Saturday, 5 November 2011

An Increasing Life!

Thank God that Psalm 92 is true. If I am not a better preacher now than I was thirty years ago, shame upon me! This is a growing life; it is an increasing life. We do not just live on some original resources. No, no! The Christian life is not merely one experience. It goes on being repeated. And, 'The best is yet to be!' The best is at the end. Listen to God's words to the prophet Isaiah: 'And even to your old age I am he; and even to hoar hairs will I carry you: I have made, and I will bear; even I will carry, and I will deliver you' (Isaiah 46:4). God does not merely start and then abandon us. No, no. He has said, 'I will never leave thee, nor forsake thee' (Hebrews 13:5).
 

But come to the New Testament statement of all this and see how Paul, rising to one of his great mountaintops at the end of the third chapter of 2 Corinthians, says, 'We all, with open face beholding' - and it means 'going on beholding' - 'as in a glass the glory of the Lord, are changed into the same image from glory to glory' (2 Corinthians 3:18). That is it. That is the Christian life. It is progressive. It expands and increases as we are 'changed from glory into glory'. We do not just get born again and then remain there, static, holding on to what we have, rather giving the impression that we have lost something wonderful and that the great thrill we had at the beginning has gone. That is machinery, not life. This is a life that changes us 'from glory into glory', and it is endless and eternal.
 
Again, let the poets express it for us:

Streams of mercy never ceasing
Call for songs of loudest praise.

(Robert Robinson)

That is the characteristic of this life.
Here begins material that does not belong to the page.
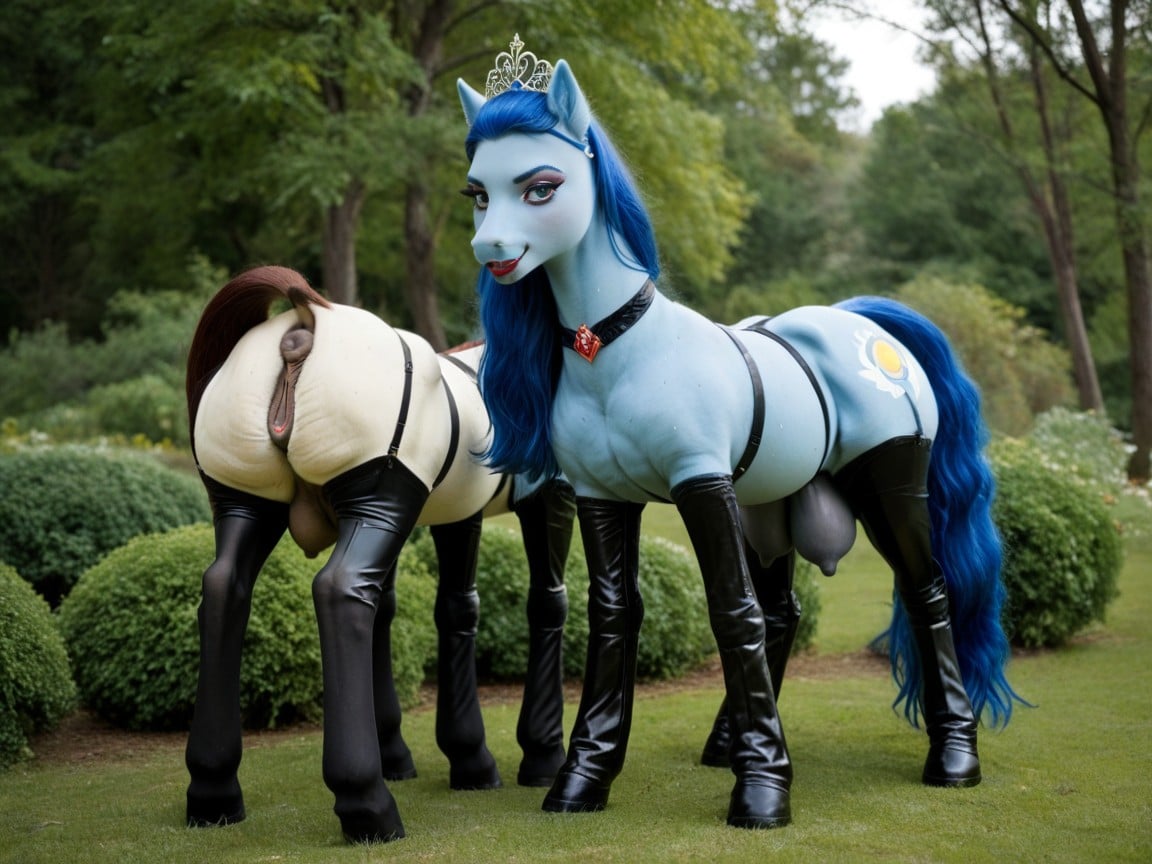 Nervoso, Ponies With Prominent Hyper Giant Teats, Ponies Wearing Queen Cosplay Pornografia peluda com IA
The hymn, 'In heavenly love abiding', which I quoted earlier, goes on to say this:

Green pastures are before me,
Which yet I have not seen;
Bright skies will soon be o'er me,
Where the dark clouds have been:
My hope I cannot measure,
My path to life is free;
My Saviour has my treasure,
And He will walk with me.

(Anna Laetitia Waring)

'For now we see through a glass, darkly; but then face to face: now I know in part; but then shall I know even as also I am known' (1 Corinthians 13:12).